Tapmatic is good stuff,we use that at the shop pretty often on lathe work.
my advice dont get carried away. everyone will tell you need this you need that. Get what you need when you need it this sounds to be a hobby interest so a order for a needed item will not be costing you any actual money.. end mills last quite awhile..
Biggest problem with what you just purchased is you will be wanting more machine wise. I purchased a benchtop hoping to learn on it and I have and it does allot. But I want more machine now and honestly probably could have purchased more of a machine used for the same price.
I have already upgraded the lathe to a South Bend 13 the mill will be next.
ToolGuyd exists because I get carried away about tools. =)
I bought the Taig knowing I would immediately want more. But I don’t have the space for anything bigger, or the ability to carry anything much bigger up the 3 flights of stairs.
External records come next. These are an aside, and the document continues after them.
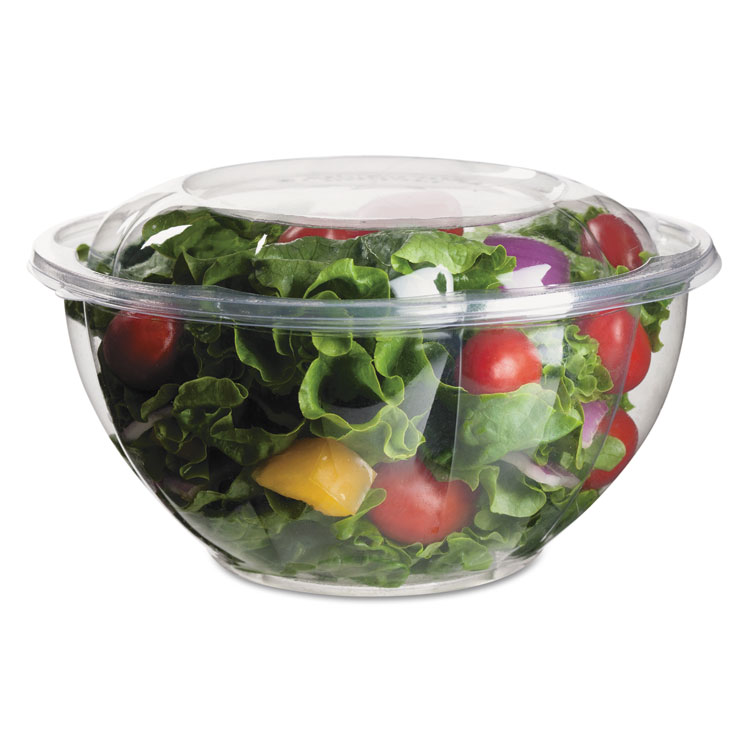 Picture of Renewable & Compostable Salad Bowls W/ Lids - 32oz., 50/pk, 3 Pk/ct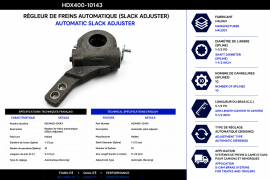 HALDEX SLACK ADJUSTER 1-1/2"-10 SPLINE 5-1/2"DRIVE ONE HOLE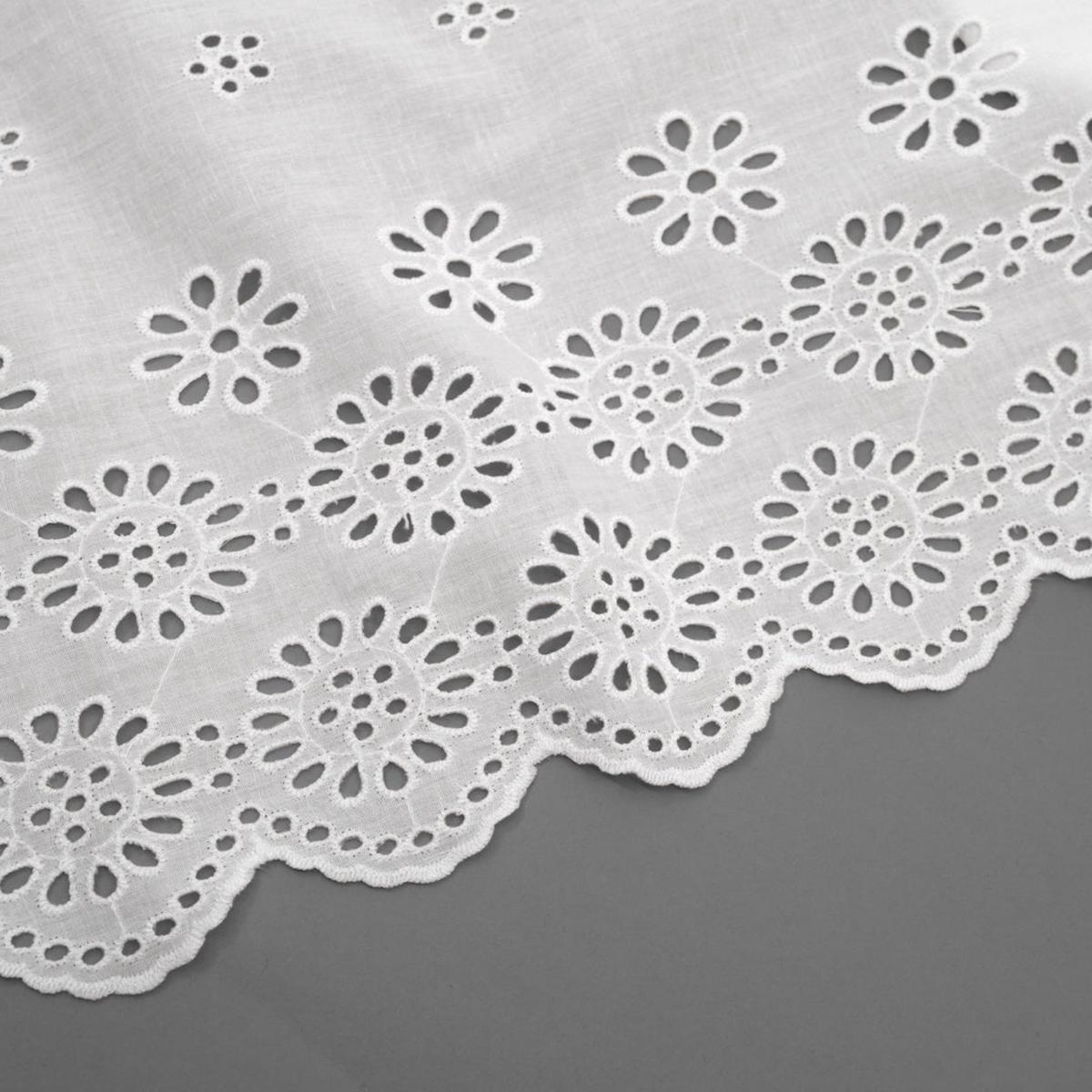Scalloped Cotton Trim - White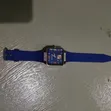 Unisex Rubber Wristwatch - Blue/Black - 2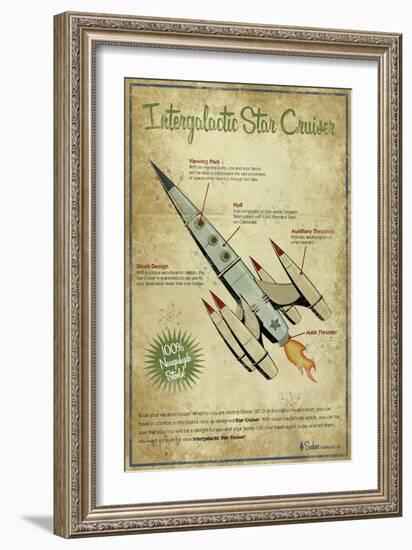 Star Cruiser-Michael Murdock-Framed Giclee Print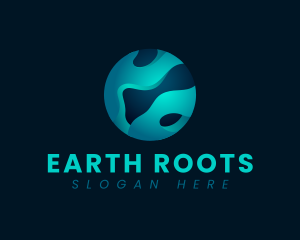 Digital Globe Sphere logo design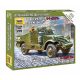 Zvezda Zvezda Soviet M-3 Scout Car with Machine Gun 1:100 makett harcjármű (6273)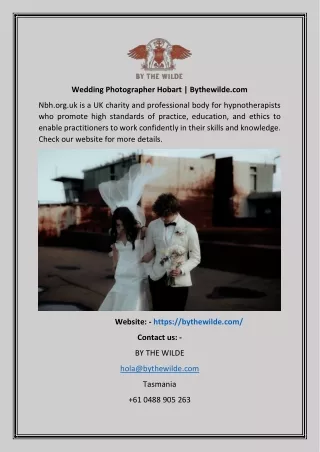 Wedding Photographer Hobart  Bythewilde.com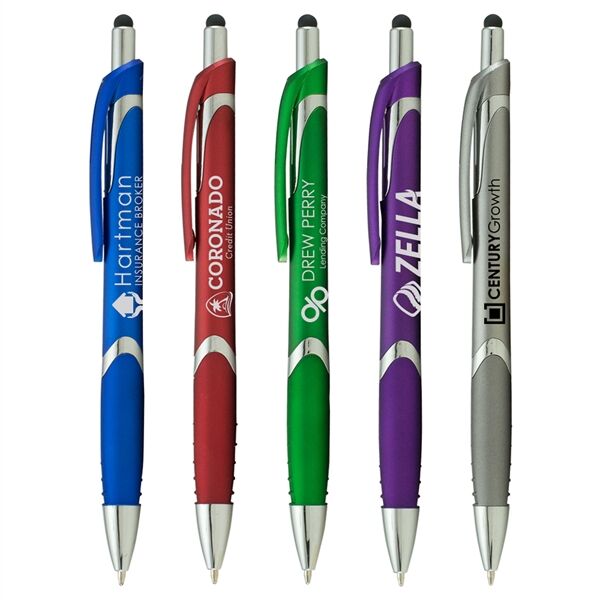 Main Product Image for Custom Printed Solana Metallic w/ Stylus Pen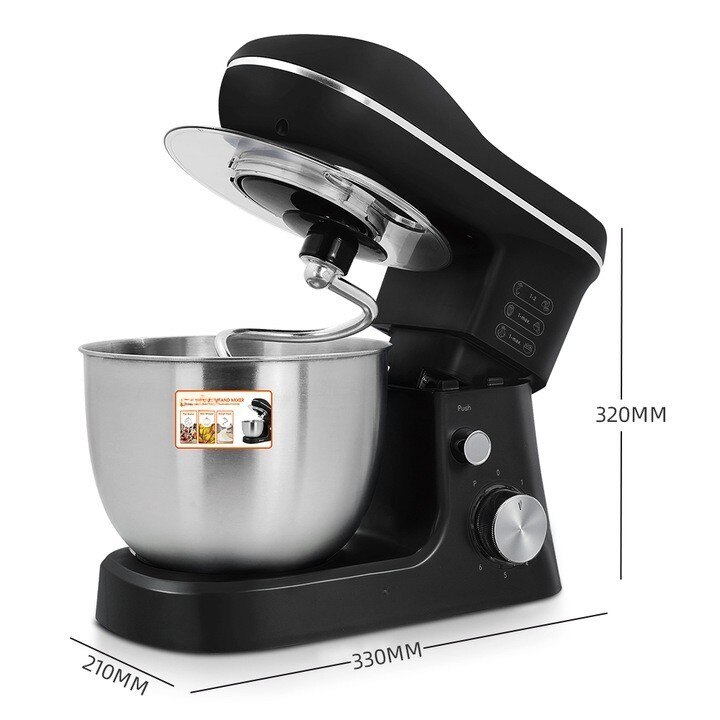 【や7】BOSSBXー1616CHANNELSTEOMIXER Mixer de Inalta Performanta Putere de 1200W, Bol din Inox de 7L, 6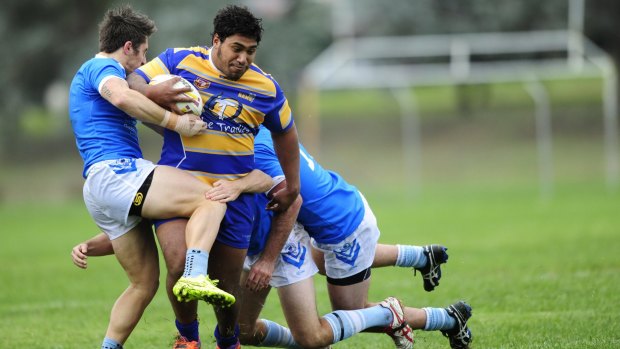 Kilu Pangai in action for the Woden Valley Rams.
I’ve been making careful purchases to ensure that as much as possible can be used just the same with a larger machine. My intent is also to learn as much as possible, not only for personal enrichment, but for potential future content.
I hear ya on space and moving the machine..
That seems to be a bigger issue then learning how to use the thing.
It’ll be sweet to see what you use this for. Please post pictures & videos of it in use!
I’ve always wanted to get a mill
I bought this one. Had it for a few months and am still learning.
I came to conclusion that this gave me the best bang for the buck for making small parts for RC cars. So far, set up was simple enough and it seems to be precise enough for what I have done to date. Its all manual but I’m having a blast with it even though I’ve probably made as much scrap as I have usable parts. It was an added bonus that LMS was about 5 miles from my home (so I could pick up the tool and didn’t had to pay for shipping) and I could drive over there and ask the guys who run the place questions in near real time (and they’re as friendly and helpful as you could hope).
That model was on my shortlist, but I ultimately went with the Taig because of its more manageable benchtop size and weight. I like a lot of the LMS HiTorque mini mill’s features, such as the solid column and R8 spindle.
This seemed pretty informative but where’s the rest? I want to see the tooling you bought and the parts you’ve made.